TASK DESCRIPTION. In the entries below, the lines from the one with "Isi Libur Sekolah, YDSF" through the one with "Runner Photo 6724269" are to be copied exactly; both ends count.

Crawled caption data
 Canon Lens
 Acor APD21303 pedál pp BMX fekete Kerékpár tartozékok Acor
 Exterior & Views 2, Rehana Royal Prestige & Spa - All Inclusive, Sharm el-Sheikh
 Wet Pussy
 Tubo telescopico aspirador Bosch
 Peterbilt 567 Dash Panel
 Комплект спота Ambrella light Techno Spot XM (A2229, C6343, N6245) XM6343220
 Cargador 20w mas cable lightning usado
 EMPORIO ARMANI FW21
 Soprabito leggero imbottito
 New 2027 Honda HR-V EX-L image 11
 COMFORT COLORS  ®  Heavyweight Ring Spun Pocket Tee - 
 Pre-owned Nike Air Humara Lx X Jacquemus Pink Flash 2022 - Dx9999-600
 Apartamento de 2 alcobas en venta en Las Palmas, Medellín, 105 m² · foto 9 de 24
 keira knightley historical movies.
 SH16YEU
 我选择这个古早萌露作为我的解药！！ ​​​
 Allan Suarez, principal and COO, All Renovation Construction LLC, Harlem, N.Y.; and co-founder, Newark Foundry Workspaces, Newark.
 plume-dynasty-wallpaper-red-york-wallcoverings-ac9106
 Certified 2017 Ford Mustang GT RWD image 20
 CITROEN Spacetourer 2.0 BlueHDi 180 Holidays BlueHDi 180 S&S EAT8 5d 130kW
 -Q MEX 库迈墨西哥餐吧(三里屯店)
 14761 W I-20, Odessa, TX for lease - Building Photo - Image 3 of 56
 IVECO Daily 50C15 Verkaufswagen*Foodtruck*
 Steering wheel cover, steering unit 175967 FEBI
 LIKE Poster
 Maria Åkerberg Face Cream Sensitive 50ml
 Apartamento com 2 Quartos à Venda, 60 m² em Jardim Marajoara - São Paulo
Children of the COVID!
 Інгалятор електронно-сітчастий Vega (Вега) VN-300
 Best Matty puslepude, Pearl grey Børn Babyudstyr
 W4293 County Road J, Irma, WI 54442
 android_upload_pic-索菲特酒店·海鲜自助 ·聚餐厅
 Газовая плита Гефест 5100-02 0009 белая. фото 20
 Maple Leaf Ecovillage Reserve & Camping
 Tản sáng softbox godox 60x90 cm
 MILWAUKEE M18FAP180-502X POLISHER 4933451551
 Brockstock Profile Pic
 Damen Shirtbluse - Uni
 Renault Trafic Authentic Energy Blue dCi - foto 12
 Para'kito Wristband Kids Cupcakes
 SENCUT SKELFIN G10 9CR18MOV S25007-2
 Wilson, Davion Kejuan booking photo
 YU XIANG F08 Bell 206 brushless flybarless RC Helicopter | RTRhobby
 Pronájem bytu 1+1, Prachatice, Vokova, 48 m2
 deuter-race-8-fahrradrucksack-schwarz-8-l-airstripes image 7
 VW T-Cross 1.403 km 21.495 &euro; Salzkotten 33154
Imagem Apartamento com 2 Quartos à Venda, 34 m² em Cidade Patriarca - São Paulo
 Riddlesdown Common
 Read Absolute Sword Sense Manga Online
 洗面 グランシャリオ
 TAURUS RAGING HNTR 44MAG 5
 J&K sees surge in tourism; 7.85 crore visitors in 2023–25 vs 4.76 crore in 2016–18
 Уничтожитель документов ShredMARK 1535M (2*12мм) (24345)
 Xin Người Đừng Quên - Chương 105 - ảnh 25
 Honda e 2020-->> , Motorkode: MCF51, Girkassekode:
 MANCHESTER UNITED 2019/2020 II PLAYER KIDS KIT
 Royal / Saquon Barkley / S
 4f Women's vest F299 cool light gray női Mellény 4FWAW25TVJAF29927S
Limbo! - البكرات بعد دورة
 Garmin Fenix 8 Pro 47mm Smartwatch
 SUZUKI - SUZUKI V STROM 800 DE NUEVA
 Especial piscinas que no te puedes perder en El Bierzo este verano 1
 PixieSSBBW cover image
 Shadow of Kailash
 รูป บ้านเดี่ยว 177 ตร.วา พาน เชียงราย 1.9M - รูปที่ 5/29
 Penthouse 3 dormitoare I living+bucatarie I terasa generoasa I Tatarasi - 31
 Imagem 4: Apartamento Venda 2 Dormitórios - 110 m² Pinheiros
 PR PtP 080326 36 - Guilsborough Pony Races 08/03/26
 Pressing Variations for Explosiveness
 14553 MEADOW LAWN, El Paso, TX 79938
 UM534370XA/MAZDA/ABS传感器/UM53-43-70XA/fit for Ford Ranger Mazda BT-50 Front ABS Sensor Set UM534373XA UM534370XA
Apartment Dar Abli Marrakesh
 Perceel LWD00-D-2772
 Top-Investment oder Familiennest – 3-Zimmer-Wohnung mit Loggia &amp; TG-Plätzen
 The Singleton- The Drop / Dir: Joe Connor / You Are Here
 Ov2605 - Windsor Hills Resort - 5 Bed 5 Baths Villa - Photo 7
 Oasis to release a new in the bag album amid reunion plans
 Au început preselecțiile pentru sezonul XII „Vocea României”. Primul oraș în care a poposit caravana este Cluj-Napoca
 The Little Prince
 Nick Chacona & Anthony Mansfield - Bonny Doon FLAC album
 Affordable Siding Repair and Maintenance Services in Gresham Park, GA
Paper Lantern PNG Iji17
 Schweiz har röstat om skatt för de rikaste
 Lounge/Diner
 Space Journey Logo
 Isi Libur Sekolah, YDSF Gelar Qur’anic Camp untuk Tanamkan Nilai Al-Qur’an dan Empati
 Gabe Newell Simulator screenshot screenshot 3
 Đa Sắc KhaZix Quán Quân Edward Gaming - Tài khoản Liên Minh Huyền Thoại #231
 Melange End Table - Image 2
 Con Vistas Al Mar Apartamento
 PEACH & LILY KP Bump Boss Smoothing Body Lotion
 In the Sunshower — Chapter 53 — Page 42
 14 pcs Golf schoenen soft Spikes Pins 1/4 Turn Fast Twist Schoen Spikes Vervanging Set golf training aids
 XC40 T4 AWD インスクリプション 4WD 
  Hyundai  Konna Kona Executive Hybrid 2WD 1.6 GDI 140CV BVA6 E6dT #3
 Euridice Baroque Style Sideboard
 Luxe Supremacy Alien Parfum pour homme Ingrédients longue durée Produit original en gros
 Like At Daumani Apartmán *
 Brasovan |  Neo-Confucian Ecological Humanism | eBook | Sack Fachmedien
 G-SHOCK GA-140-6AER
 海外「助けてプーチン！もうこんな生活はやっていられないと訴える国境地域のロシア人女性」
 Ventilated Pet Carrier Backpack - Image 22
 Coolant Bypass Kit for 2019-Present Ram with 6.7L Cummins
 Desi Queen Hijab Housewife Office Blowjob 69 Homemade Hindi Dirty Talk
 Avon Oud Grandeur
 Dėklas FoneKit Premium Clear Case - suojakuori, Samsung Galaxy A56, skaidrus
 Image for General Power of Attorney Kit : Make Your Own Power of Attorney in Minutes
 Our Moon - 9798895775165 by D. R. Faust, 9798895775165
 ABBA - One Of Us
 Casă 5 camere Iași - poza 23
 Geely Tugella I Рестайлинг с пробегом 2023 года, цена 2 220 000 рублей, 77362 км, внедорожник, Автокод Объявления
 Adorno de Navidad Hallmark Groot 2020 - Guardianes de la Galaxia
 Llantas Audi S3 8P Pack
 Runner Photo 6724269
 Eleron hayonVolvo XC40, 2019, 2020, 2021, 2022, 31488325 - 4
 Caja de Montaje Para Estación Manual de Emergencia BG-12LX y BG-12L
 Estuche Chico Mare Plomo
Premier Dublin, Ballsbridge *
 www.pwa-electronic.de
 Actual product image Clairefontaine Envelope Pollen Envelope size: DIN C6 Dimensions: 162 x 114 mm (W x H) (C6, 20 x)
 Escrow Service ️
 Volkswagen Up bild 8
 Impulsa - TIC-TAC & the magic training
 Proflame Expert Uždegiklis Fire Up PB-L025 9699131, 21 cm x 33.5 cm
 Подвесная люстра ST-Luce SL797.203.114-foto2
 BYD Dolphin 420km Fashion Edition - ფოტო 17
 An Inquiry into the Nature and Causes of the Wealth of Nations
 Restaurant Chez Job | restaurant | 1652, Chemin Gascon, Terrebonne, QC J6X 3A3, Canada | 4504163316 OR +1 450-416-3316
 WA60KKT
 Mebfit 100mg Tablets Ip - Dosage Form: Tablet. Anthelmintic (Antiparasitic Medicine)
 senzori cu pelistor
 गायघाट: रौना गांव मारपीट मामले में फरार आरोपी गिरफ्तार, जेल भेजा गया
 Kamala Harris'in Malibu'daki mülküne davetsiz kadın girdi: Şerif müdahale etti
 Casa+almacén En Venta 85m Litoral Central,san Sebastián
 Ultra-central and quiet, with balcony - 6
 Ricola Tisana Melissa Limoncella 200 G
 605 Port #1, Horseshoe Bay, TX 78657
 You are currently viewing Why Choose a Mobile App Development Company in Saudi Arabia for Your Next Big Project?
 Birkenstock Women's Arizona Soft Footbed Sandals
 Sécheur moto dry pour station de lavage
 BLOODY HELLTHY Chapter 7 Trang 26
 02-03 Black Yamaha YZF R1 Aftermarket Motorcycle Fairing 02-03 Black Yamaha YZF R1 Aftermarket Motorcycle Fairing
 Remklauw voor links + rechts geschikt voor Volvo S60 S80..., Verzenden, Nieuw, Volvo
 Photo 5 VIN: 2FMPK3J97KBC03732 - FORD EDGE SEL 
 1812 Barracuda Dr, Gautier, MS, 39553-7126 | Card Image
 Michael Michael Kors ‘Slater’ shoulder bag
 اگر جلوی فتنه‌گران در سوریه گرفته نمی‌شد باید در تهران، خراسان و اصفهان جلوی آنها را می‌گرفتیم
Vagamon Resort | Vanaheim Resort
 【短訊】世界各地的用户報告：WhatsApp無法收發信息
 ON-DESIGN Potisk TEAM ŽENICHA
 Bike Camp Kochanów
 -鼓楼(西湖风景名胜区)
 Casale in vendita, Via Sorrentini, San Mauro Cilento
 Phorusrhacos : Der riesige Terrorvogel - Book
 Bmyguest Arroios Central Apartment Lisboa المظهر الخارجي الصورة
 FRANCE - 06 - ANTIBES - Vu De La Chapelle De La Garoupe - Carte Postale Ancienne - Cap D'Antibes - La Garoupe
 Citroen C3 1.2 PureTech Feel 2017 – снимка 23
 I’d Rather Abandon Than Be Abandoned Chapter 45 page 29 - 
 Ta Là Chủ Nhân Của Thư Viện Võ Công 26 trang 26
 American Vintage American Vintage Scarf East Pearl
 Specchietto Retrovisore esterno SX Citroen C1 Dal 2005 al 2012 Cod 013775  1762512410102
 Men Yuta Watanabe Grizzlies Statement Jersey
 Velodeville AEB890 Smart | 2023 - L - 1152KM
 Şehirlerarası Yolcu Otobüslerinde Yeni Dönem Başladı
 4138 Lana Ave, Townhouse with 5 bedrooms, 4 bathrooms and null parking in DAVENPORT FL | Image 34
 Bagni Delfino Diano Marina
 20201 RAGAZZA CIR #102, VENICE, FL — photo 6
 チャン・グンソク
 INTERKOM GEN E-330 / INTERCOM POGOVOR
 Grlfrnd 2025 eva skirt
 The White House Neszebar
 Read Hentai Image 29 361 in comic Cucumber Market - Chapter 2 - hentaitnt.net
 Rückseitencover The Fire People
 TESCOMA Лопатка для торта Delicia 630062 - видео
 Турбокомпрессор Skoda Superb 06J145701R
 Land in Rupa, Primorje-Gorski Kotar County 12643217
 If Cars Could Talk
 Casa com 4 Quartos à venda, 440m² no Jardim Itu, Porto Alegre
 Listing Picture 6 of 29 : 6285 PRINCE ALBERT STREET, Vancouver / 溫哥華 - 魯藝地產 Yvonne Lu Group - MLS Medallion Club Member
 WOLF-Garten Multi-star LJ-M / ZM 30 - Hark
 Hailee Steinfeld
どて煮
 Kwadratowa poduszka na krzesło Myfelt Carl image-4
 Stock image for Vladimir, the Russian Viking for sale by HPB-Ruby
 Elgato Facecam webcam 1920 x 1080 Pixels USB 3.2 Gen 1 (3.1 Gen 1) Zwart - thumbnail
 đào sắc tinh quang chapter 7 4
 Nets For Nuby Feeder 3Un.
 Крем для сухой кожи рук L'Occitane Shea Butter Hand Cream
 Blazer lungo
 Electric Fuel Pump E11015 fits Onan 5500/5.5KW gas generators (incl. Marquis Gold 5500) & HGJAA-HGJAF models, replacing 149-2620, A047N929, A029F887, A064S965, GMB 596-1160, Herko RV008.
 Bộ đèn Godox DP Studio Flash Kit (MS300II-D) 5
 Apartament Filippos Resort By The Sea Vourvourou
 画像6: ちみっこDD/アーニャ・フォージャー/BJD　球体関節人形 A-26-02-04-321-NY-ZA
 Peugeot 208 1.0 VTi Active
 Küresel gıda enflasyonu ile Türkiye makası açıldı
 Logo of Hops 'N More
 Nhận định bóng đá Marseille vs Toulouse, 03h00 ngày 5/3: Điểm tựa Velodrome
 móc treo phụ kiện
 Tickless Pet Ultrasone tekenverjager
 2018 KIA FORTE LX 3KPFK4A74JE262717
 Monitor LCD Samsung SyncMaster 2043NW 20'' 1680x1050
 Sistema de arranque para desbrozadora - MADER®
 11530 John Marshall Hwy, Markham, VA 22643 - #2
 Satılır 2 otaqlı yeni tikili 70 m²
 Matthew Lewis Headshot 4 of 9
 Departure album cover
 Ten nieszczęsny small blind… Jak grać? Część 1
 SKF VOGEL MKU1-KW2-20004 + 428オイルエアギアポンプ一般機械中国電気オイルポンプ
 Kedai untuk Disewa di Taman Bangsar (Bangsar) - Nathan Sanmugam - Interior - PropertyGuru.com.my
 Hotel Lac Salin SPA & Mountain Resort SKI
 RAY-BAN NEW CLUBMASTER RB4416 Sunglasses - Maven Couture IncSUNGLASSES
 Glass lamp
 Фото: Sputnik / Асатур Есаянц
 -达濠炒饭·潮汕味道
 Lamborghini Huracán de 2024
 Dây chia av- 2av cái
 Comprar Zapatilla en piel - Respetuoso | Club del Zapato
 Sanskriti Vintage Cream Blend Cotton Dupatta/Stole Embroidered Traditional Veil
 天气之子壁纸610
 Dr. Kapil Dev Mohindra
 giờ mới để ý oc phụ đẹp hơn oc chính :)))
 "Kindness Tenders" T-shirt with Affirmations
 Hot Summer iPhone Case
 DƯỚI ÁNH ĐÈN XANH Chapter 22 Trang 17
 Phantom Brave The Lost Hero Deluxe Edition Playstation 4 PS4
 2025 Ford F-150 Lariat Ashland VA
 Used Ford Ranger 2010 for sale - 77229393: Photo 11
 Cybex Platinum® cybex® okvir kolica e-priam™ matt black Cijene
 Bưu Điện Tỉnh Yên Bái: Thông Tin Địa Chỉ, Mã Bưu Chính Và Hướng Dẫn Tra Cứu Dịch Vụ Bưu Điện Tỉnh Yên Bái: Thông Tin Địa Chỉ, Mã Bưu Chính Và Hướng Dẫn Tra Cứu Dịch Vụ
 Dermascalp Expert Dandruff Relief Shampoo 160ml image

WORKED SOLUTION.
 Isi Libur Sekolah, YDSF Gelar Qur’anic Camp untuk Tanamkan Nilai Al-Qur’an dan Empati
 Gabe Newell Simulator screenshot screenshot 3
 Đa Sắc KhaZix Quán Quân Edward Gaming - Tài khoản Liên Minh Huyền Thoại #231
 Melange End Table - Image 2
 Con Vistas Al Mar Apartamento
 PEACH & LILY KP Bump Boss Smoothing Body Lotion
 In the Sunshower — Chapter 53 — Page 42
 14 pcs Golf schoenen soft Spikes Pins 1/4 Turn Fast Twist Schoen Spikes Vervanging Set golf training aids
 XC40 T4 AWD インスクリプション 4WD 
  Hyundai  Konna Kona Executive Hybrid 2WD 1.6 GDI 140CV BVA6 E6dT #3
 Euridice Baroque Style Sideboard
 Luxe Supremacy Alien Parfum pour homme Ingrédients longue durée Produit original en gros
 Like At Daumani Apartmán *
 Brasovan |  Neo-Confucian Ecological Humanism | eBook | Sack Fachmedien
 G-SHOCK GA-140-6AER
 海外「助けてプーチン！もうこんな生活はやっていられないと訴える国境地域のロシア人女性」
 Ventilated Pet Carrier Backpack - Image 22
 Coolant Bypass Kit for 2019-Present Ram with 6.7L Cummins
 Desi Queen Hijab Housewife Office Blowjob 69 Homemade Hindi Dirty Talk
 Avon Oud Grandeur
 Dėklas FoneKit Premium Clear Case - suojakuori, Samsung Galaxy A56, skaidrus
 Image for General Power of Attorney Kit : Make Your Own Power of Attorney in Minutes
 Our Moon - 9798895775165 by D. R. Faust, 9798895775165
 ABBA - One Of Us
 Casă 5 camere Iași - poza 23
 Geely Tugella I Рестайлинг с пробегом 2023 года, цена 2 220 000 рублей, 77362 км, внедорожник, Автокод Объявления
 Adorno de Navidad Hallmark Groot 2020 - Guardianes de la Galaxia
 Llantas Audi S3 8P Pack
 Runner Photo 6724269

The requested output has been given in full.